I found a bunch of information yesterday to support the case that one of my ancestors did indeed serve during the American Revolution — muster rolls, draft classes, pension ledgers and more. It’s an interesting exercise, even if what I seek isn’t always clear or obvious.
Let’s start with the fact that the German surname Stöber was in the midst of being anglicized at the time, so my search had to cover Stöber, Stober and Stover. My ancestor’s birth name, according to the records I’ve found, was Johann Valentine Stober III (though he may have been a IV) — but, for whatever reason, he went by his middle name and didn’t use the Roman numeral. Usually it was recorded as Valentine Stober, less often and later Valentine Stover. A couple of times I saw his first (middle) name misspelled Valintin.
Then there’s the murky matter of the military at the time. Colonial Americans didn’t much care for standing armies, and for good reason, so they formed militia of able white males between the ages of 18 and 53. And the term associators — tracing to Benjamin Franklin’s call in 1747 for an “Association” to defend Philadelphia — was used generally to identify voluntary military units (militia, essentially) assembled for defense in support of independence.
Not all associators were Patriots. There were loyalist associators as well, notably in Pennsylvania an outlaw gang of pacifist Quakers who engaged in espionage and sabotage of the American cause.
And then there were the military lines — quotas established by the Continental Congress to raise militia from each state. The Pennsylvania Line, for example, supplied troops to the Continental Line (the Continental Army).
One record shows my ancestor serving in the Eighth Company, Fifth Battalion, Lancaster County Militia. I found multiple records of his service in an unnumbered company (under command of Capt. John Jones), Eighth Battalion of Associators, Lancaster County (under command of Col. Peter Grubb), which was activated to the Continental Line on August 15th, 1776.

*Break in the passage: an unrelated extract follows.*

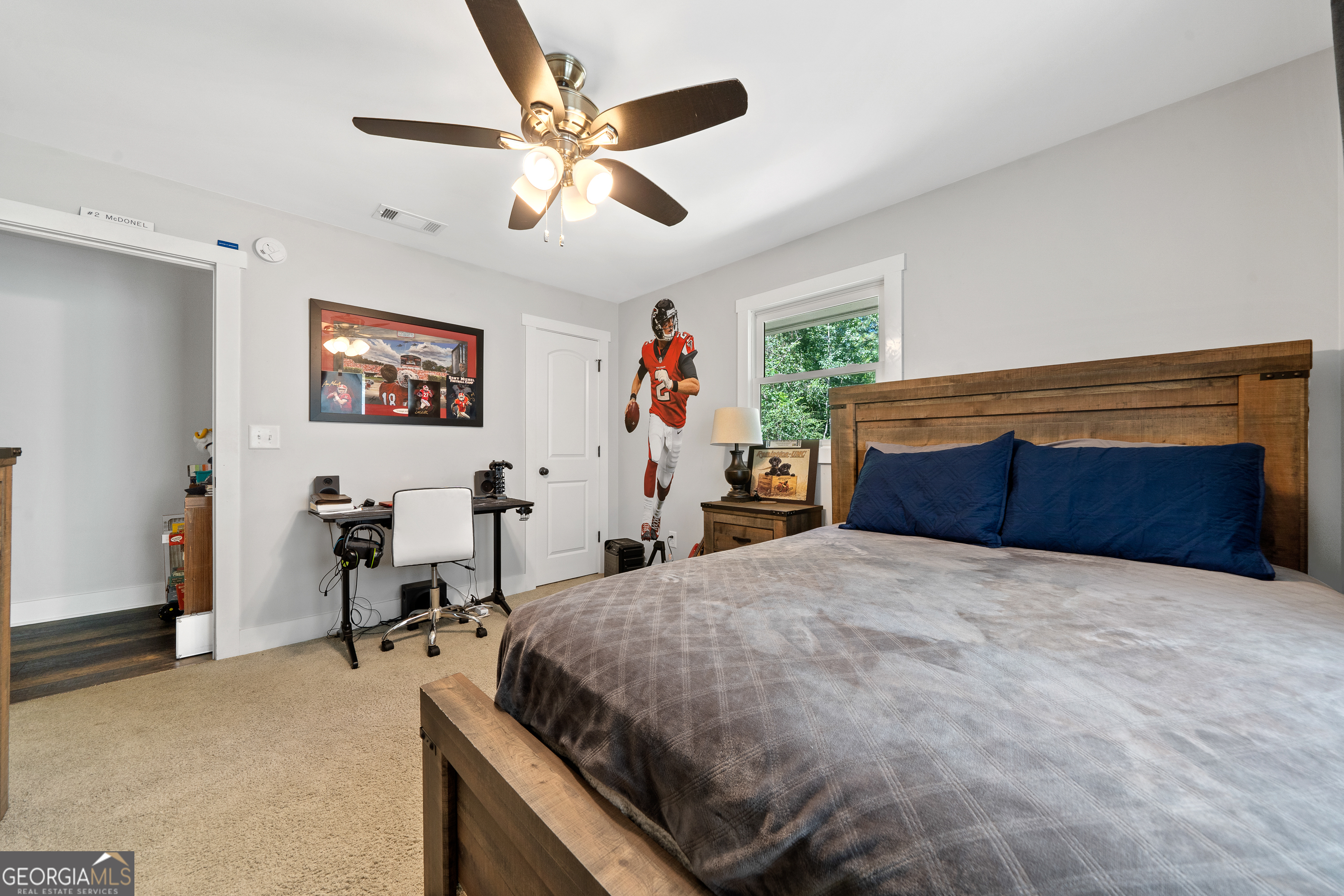 122 Ivey Weaver Road Milledgeville, GA 31061 - Photo 60 of 64 a bed room with a bed and a tv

I also uncovered a handwritten document from years after the Revolution, an affidavit of sorts dated October 1st, 1832. At the age of 75 (just over a year before his death), Valentine Stober was applying for pension benefits related to his military service.
In the dictated application Stober describes his service, noting dates, places and names. He lists a number of officers, including the aforementioned Capt. John Jones — but he also mentions a Maj. Courtney (a name I’ve been unable to find on the Pennsylvania rolls) and a Col. Thomas Proctor — which probably was artillery Capt. Thomas Proctor, Third Battalion, The (Philadelphia) Association.

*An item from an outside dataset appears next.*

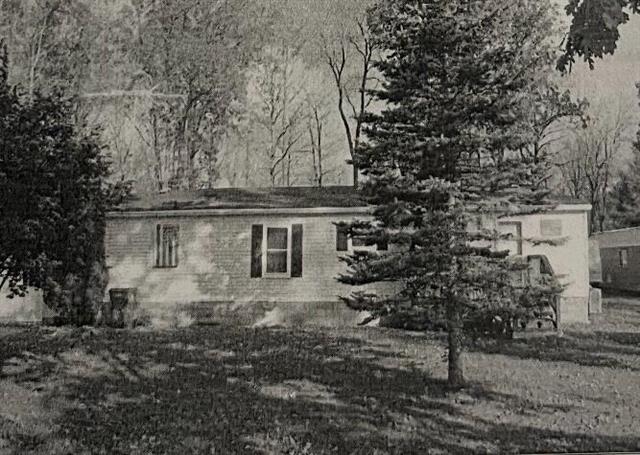 front view picture of 5450 Highland Drive, Mecosta, MI. 49332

Stober says that he “enlisted with Captain
John Proctor Joseph Proctor of the Artillery of Pennsylvania line.” I’m making an educated guess at what was scratched out — I’ve found no “Joseph Proctor.” There was a Col. John Proctor, a militia commander from Westmoreland County in the western part of the state. At first I wondered if Stober’s memory had failed him, or if perhaps he simply wanted to associate himself with Proctor’s independent battalion.
The application does record that “Col. Proctor gave [Stober] a furlough with leave to return home until his health should be restored” after battling “the Camp Fever” (typhus) while posted at “Mud Fort.” I’ve found a couple of separate references to “Col. Proctor’s Artillery” at Mud Island Fort (later Fort Mifflin). That may indicate that Stober’s commander at the fort was indeed Thomas (artillery), not Joseph and not John (whose battalion was known as the “Old Westmoreland Rifles”), though the latter’s troops did contribute to American victories at nearby Trenton and Princeton.

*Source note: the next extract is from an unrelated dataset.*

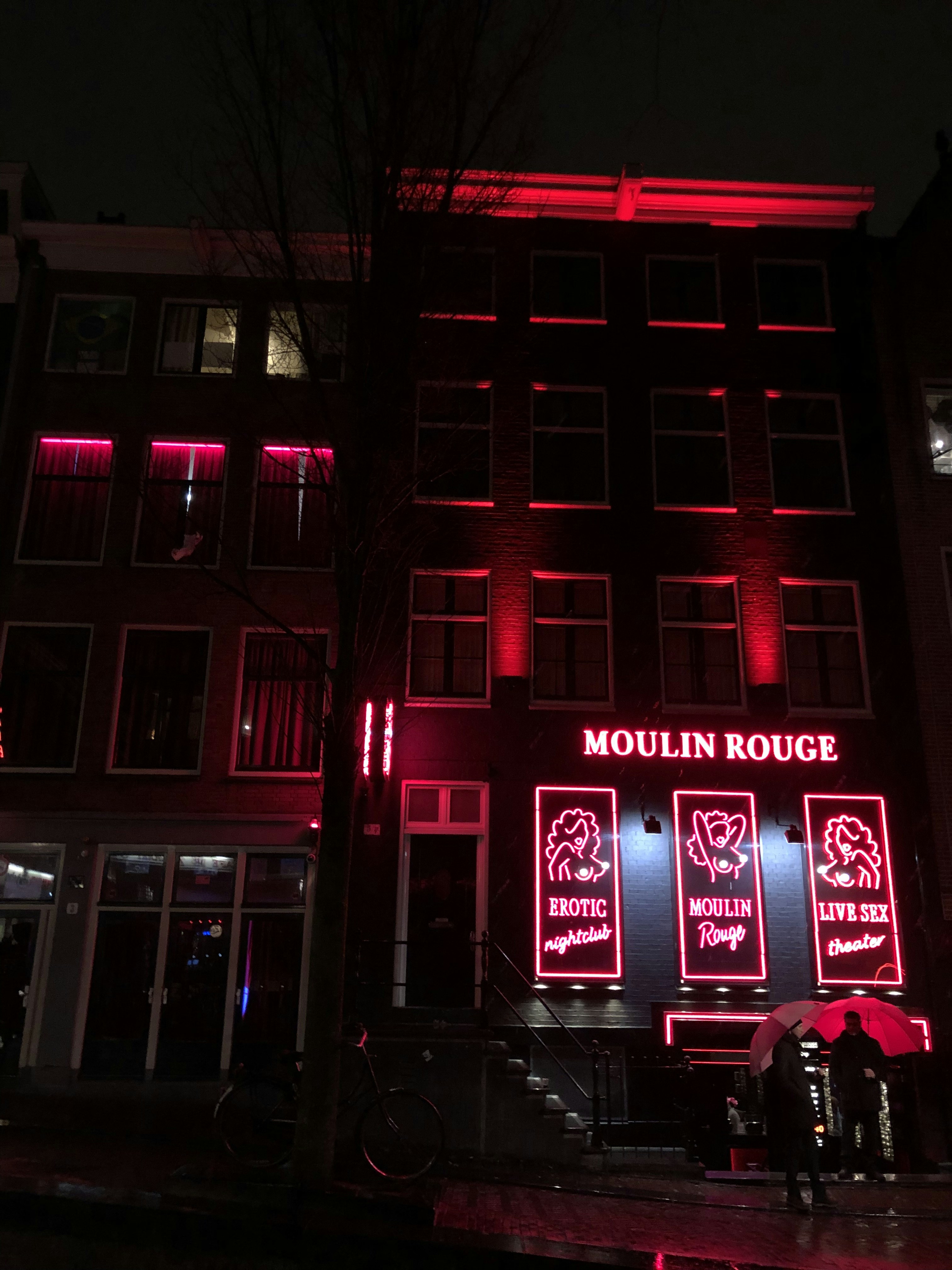two men standing and holding umbrellas beside lighted building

Col. John Proctor’s battalion standard (battle flag) has become somewhat famous, by the way, in part because it’s one of few banners to have survived the Revolution. It’s a captured British standard, boldly decorated with symbolism we know from the Gadsden Flag, the letters “I.B.W.C.P.” (First Battalion, Westmoreland County, Pennsylvania, or Provincials) and Proctor’s initials.
A lot of what you just read I didn’t know myself until 48 hours ago. I learned more, too, that I didn’t include here — I don’t like to be single-source on anything, so I read voraciously and corroborated carefully before sharing.
Sorting through the rich history of our nation’s birth always has fascinated me. It’s even more interesting now that it’s personal.
One year ago today we packed up our camp gear in preparation for the next day’s move. We did make time for one more trip into Yellville for good eats at Blacksheep BBQ.
Take care of yourselves, Patriots. Stay calm. Stay sharp. Stay free.